For this exercise, reproduce the entries below exactly, but only from the line containing "Audi Q5 view 31" through the line containing "曾经那个美貌气质女神，现在完", both included.

:: Task inputs ::

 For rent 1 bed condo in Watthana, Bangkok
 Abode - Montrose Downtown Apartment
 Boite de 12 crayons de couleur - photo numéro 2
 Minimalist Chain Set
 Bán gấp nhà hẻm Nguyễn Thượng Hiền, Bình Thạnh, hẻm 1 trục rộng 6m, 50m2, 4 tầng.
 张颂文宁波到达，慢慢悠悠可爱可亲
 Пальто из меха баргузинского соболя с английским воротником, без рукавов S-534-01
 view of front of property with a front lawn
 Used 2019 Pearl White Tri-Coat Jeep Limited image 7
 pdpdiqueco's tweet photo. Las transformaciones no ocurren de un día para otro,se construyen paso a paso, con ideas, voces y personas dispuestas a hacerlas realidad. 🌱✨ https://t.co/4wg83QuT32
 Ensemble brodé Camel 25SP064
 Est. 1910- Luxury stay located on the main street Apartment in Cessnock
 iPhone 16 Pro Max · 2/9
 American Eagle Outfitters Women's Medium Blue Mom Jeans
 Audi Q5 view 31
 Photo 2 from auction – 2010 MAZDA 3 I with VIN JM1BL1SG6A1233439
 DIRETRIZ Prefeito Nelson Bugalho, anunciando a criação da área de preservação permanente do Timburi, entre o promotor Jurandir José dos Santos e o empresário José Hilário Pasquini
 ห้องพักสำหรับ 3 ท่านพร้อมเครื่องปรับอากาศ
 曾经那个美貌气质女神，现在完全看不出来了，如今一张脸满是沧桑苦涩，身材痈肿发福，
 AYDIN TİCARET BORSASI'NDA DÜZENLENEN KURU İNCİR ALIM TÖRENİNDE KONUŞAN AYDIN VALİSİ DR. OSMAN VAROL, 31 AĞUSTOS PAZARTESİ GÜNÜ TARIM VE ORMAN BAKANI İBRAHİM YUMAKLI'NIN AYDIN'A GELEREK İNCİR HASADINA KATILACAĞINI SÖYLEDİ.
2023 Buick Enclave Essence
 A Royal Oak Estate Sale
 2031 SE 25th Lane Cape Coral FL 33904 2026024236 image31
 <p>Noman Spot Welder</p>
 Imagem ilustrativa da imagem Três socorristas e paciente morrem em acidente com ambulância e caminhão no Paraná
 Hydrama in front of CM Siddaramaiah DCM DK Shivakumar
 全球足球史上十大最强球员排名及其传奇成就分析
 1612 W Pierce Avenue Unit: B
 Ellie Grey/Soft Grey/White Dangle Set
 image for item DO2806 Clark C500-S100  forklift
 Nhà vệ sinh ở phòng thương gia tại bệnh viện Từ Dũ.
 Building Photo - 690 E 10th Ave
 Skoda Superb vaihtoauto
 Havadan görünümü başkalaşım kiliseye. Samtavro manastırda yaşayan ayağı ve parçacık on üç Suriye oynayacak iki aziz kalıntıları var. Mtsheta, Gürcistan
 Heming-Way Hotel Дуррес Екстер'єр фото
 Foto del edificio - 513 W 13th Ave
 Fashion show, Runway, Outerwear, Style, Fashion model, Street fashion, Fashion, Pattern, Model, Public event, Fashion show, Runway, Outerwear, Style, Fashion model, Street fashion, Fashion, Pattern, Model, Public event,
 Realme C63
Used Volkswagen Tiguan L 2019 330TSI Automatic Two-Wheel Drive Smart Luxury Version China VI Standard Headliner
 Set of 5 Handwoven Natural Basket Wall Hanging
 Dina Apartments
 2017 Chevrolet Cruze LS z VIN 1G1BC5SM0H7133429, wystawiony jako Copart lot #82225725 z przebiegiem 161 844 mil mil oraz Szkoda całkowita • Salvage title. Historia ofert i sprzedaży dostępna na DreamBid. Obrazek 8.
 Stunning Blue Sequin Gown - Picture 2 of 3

:::

__Exercise result__
 Audi Q5 view 31
 Photo 2 from auction – 2010 MAZDA 3 I with VIN JM1BL1SG6A1233439
 DIRETRIZ Prefeito Nelson Bugalho, anunciando a criação da área de preservação permanente do Timburi, entre o promotor Jurandir José dos Santos e o empresário José Hilário Pasquini
 ห้องพักสำหรับ 3 ท่านพร้อมเครื่องปรับอากาศ
 曾经那个美貌气质女神，现在完全看不出来了，如今一张脸满是沧桑苦涩，身材痈肿发福，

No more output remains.